Sleuths Trace New Zero-Day Attacks to Hackers Who Hit Google

Graphic showing how the Elderwood gang conducts its attacks. Image: Courtesy of Symantec

It’s been more than two years since Google broke corporate protocol by revealing that it had been the victim of a persistent and sophisticated hack, traced to intruders in China that the company all but said were working for the government.

And it turns out the hacker gang that hit the search giant hasn’t been resting on its reputation; it’s been busy targeting other companies and organizations, using some of the same methods of attack, as well as a remarkable menu of valuable zero-day vulnerabilities. The attackers used at least eight zero-days in the last three years, including ones that targeted the ubiquitous software plugin Flash and Microsoft’s popular IE browser.

Researchers at Symantec traced the group’s work after finding a number of similarities between the Google attack code and methods and those used against other companies and organizations over the last few years.

The researchers, who describe their findings in a report published Friday, say the gang — which they have dubbed the “Elderwood gang” based on the name of a parameter used in the attack codes — appears to have breached more than 1,000 computers in companies spread throughout several sectors – including defense, shipping, oil and gas, financial, technology and ISPs. The group has also targeted non-governmental organizations, particularly ones connected to human rights activities related to Tibet and China.

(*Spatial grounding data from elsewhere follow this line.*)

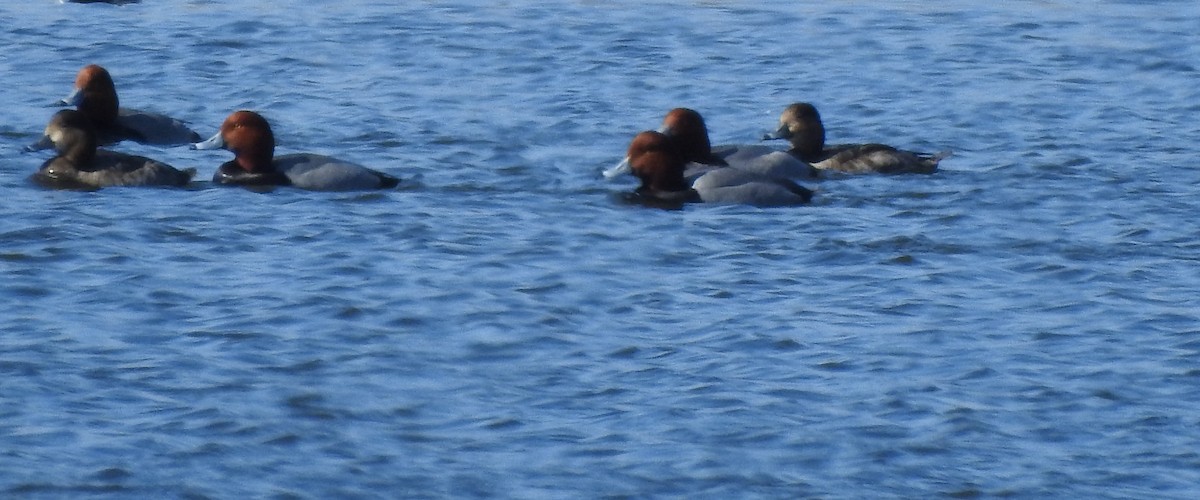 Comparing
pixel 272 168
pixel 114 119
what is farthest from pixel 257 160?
pixel 114 119

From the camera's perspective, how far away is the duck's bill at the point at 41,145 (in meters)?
14.5

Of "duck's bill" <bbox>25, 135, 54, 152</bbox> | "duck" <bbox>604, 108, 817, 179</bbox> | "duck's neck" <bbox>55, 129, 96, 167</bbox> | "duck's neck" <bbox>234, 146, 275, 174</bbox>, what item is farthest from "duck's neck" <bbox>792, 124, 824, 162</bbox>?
"duck's bill" <bbox>25, 135, 54, 152</bbox>

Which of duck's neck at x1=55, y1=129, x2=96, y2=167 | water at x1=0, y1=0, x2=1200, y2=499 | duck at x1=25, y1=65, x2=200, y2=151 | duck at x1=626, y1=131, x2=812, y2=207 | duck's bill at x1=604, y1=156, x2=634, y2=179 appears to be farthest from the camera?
duck at x1=25, y1=65, x2=200, y2=151

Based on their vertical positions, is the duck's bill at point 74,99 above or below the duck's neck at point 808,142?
above

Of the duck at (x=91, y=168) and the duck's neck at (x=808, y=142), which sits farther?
the duck's neck at (x=808, y=142)

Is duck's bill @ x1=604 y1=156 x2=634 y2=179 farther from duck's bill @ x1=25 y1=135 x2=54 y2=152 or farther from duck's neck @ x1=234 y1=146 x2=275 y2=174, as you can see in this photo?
duck's bill @ x1=25 y1=135 x2=54 y2=152

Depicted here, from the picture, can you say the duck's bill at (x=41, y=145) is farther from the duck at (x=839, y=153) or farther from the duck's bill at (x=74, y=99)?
the duck at (x=839, y=153)

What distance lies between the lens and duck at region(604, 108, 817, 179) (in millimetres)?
14180

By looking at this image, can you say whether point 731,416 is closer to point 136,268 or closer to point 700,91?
point 136,268

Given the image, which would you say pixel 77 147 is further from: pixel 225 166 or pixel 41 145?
pixel 41 145

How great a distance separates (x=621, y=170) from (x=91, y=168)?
3372mm

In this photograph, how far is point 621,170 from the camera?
13836 millimetres

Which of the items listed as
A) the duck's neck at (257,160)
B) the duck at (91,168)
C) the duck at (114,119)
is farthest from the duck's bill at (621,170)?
→ the duck at (114,119)

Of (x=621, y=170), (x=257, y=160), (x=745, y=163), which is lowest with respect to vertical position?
(x=745, y=163) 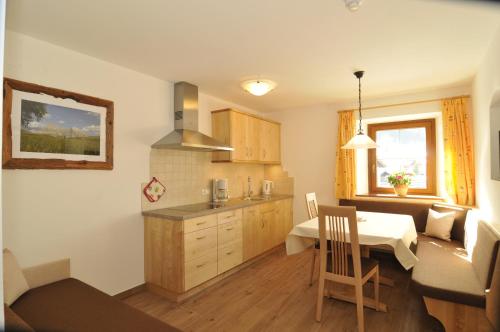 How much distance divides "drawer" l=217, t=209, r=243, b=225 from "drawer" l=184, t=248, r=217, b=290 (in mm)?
348

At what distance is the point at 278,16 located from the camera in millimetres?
1985

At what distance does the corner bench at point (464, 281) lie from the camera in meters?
1.91

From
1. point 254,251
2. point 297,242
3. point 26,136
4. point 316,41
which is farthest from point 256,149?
point 26,136

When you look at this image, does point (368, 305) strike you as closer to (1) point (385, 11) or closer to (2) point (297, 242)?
(2) point (297, 242)

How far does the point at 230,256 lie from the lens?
11.2 ft

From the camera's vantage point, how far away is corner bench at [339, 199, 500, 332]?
1914 millimetres

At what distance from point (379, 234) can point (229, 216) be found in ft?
5.65

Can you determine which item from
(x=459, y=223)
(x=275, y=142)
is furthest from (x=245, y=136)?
(x=459, y=223)

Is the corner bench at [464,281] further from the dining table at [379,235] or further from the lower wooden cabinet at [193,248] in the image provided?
the lower wooden cabinet at [193,248]

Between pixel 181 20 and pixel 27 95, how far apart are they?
54.1 inches

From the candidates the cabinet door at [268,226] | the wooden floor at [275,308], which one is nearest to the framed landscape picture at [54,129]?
the wooden floor at [275,308]

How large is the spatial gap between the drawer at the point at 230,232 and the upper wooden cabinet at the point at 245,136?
3.02ft

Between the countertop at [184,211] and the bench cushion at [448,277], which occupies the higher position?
the countertop at [184,211]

The majority of the victims have been in the U.S., with the attacks focused on gathering intelligence and stealing intellectual property – such as product design documents and trade secrets, infrastructure details and information about contacts. Many of the attacks have involved supply-chain companies that provide services or electronic and mechanical parts to targeted industries. Symantec says it appears the attackers have used victims in the supply-chain as stepping-stones to breach companies they’re really targeting.

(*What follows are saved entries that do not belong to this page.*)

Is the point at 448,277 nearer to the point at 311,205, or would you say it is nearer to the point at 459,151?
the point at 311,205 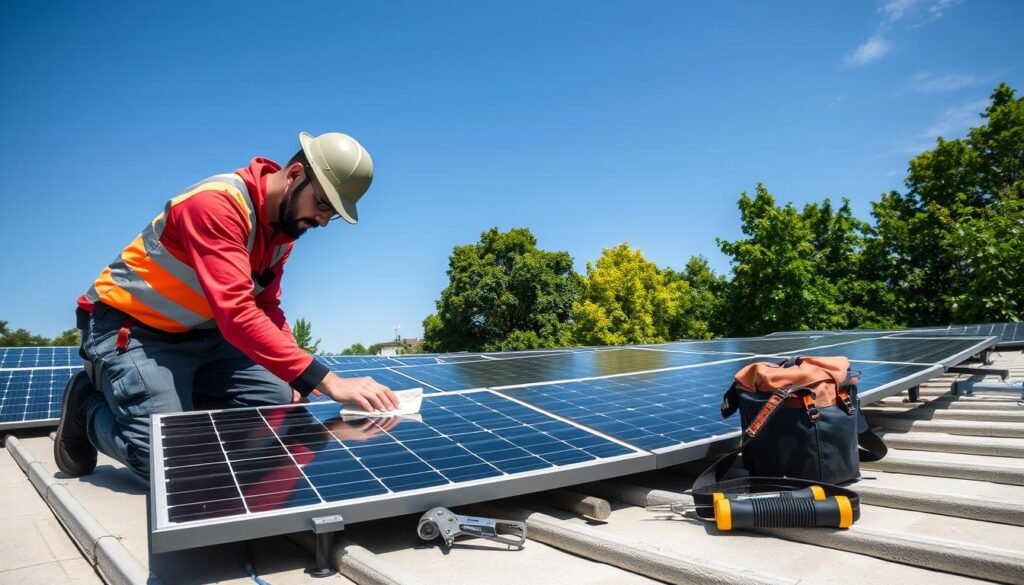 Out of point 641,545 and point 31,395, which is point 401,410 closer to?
point 641,545

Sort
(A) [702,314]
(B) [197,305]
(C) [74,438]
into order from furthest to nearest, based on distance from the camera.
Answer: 1. (A) [702,314]
2. (C) [74,438]
3. (B) [197,305]

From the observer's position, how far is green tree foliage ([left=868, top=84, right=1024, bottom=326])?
30.5m

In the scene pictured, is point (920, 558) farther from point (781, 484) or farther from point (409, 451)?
point (409, 451)

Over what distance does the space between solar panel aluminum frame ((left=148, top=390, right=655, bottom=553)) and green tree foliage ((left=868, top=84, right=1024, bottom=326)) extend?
3016 cm

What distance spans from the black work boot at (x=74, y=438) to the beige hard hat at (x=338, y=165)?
2147 millimetres

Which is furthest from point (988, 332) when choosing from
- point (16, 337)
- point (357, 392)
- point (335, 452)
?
point (16, 337)

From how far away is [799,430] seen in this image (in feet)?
9.77

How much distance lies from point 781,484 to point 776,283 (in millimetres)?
31545

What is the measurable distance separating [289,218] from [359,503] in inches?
81.5

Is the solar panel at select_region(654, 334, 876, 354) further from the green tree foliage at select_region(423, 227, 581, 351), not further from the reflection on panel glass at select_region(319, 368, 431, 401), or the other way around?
the green tree foliage at select_region(423, 227, 581, 351)

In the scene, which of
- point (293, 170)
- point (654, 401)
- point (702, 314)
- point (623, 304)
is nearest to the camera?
point (293, 170)

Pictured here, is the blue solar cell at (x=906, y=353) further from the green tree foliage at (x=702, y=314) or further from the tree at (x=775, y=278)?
the green tree foliage at (x=702, y=314)

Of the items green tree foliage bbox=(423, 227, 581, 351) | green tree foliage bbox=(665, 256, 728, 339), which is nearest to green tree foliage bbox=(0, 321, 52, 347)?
green tree foliage bbox=(423, 227, 581, 351)

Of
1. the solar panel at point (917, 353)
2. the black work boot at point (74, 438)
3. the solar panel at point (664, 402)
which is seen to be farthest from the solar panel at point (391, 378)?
the solar panel at point (917, 353)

In some cases the gang used spear-phishing attacks to infect their targets through an exploit embedded in an a-mail attachment or through a link to a malicious web site; but they have increasingly used another technique that involves breaching web sites that cater to a particular audience that they want to target — such as an aeronautical web site catering to workers in the defense industry — and injecting an exploit into web pages, waiting for victims to visit the pages and be infected.

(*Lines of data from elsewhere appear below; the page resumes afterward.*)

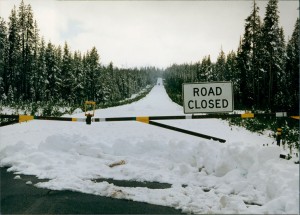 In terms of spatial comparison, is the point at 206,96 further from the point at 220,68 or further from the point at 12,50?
the point at 220,68

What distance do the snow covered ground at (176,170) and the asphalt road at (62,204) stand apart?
230 millimetres

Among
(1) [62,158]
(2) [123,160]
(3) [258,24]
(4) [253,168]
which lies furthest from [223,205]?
(3) [258,24]

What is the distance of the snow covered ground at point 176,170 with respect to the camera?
197 inches

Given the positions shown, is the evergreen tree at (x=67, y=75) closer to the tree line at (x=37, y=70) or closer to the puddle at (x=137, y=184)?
the tree line at (x=37, y=70)

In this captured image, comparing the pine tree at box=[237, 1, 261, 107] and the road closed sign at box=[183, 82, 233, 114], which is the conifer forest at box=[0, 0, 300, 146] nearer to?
the pine tree at box=[237, 1, 261, 107]

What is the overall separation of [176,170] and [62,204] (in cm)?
286

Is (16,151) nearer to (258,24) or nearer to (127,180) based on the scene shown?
(127,180)

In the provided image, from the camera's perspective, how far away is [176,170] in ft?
23.2

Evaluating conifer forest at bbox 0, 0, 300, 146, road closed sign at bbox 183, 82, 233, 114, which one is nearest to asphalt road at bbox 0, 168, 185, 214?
road closed sign at bbox 183, 82, 233, 114

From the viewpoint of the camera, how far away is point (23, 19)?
5203cm

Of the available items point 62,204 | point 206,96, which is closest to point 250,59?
point 206,96

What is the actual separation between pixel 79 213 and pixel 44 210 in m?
0.57

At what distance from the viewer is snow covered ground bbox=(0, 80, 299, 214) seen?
5.02 meters

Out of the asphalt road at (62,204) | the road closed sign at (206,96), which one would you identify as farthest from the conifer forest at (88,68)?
the asphalt road at (62,204)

In these so-called “watering hole” attacks – named for their similarity to a lion waiting for unsuspecting prey to arrive at a watering hole – an invisible iframe on the web site causes victim computers to contact a server and silently download a backdoor Trojan that gives the attackers control over the victim’s machine.

Symantec believes the gang involves several teams of varying skills and duties. One team of highly skilled programmers is likely tasked with finding zero-day vulnerabilities, writing exploits, crafting re-usable platform tools, and infecting web sites; while a less skilled team is involved with identifying targets based on various goals — stealing design documents for a military product or tracking the activities of human rights activists — and sending out the spear-phishing attacks. A third team is likely tasked with reviewing and analyzing the intelligence and intellectual property stolen from victims.

Graphic showing how so-called “watering hole” attacks work. Courtesy of Symantec

Eric Chien, senior technical director for Symantec Security Response, says the attackers appeared to operate in waves – going after groups of targets aggressively for three months at a time or so, then going quiet for a while before the next wave of attacks. He speculates that they may be spending the quiet time sifting through and analyzing documents and data they’ve stolen before collecting more from new targets.

The most remarkable thing about the attackers, however, is the number of zero-day vulnerabilities they have burned through in the last three years, which, Symantec says, suggests that they may have access to source code for the popular applications they’re exploiting or may have so thoroughly reverse-engineered the applications that they have a ready supply of valuable vulnerabilities waiting to be exploited, as needed.

“It takes a huge number of people a lot of time to thoroughly reverse-engineer those applications,” Chien says, “or, they potentially have a jumpstart if they have source code.”